As stated in today’s DOE decision, “The proposed DOE action in the final EIS is to issue a Presidential permit to the Applicant, Northern Pass LLC, to construct, operate, maintain, and connect a new electric transmission line across the U.S./Canada border in northern New Hampshire (NH).” The FEIS also recognizes Northern Pass’ ability to help meet the region’s energy challenges. “In addition to diversifying the electricity supply, the utilization of low-carbon hydropower can help meet public policy goals to reduce greenhouse gas emissions.”
“We are extremely pleased that DOE has completed its FEIS and greatly appreciate the years of hard work by all of the experts involved in this thorough review of Northern Pass,” said Bill Quinlan, president of Eversource operations in New Hampshire. “As this clean energy project continues to advance through the final stages of the New Hampshire permitting process, we are encouraged to have reached this major federal permitting milestone. We are now another step closer to realizing the many benefits Northern Pass has to offer New Hampshire and the region.”
Northern Pass is now awaiting the issuance of its federal permits, including DOE’s Presidential Permit, a Special Use Permit from the U.S. Forest Service, and the Section 404 Permit from the U.S. Army Corps of Engineers. All major state and federal permits are expected in 2017, and all major contractor and equipment contracts are fully executed. Northern Pass will be substantially complete by the third quarter of 2020. Following testing, the line will be in service by the end of 2020.
“New Hampshire and the region are facing serious energy challenges, including having some of the highest electricity prices in the Continental United States,” said Quinlan. “Customers, businesses and elected officials have been calling for solutions, and the issuance of the FEIS positions NPT well to help address these critical challenges.”

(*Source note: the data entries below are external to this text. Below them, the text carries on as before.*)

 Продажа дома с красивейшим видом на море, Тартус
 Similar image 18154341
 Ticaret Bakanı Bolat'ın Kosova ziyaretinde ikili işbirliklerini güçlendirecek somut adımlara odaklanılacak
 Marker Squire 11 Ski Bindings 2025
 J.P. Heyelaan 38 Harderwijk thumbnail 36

Beyond its clean energy benefits and energy cost savings, Northern Pass will provide a number of benefits unique to New Hampshire, including millions annually in additional tax revenue to communities along the route; $7.5 million to the North Country Job Creation Fund to develop and retain jobs in the North Country; thousands of acres set aside for conservation, recreation and mixed-use; and the $200 million Forward NH Fund to support clean energy innovations, economic development, community investment, and tourism.

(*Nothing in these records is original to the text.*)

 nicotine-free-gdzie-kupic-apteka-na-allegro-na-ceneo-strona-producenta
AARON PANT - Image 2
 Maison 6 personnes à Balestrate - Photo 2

The Northern Pass transmission line begins at the Canadian border in Pittsburg, New Hampshire and extends 192 miles to Deerfield, New Hampshire where it connects to the New England grid. More than 80 percent of the line will be located along existing transmission corridors or buried along roadways to eliminate potential view impacts in the White Mountain National Forest area. Northern Pass will provide a robust, new interconnection path between the Québec and New England electric systems, and will be controlled by the regional system operator, ISO-New England.
The Northern Pass is a 192-mile electric transmission line project that will bring to New England 1,090 megawatts of clean hydropower. This reliable and affordable source of power will also bring a wide range of benefits to the region, including millions of dollars in energy cost savings and a significant reduction in carbon emissions. To learn more about Northern Pass, go to www.northernpass.us.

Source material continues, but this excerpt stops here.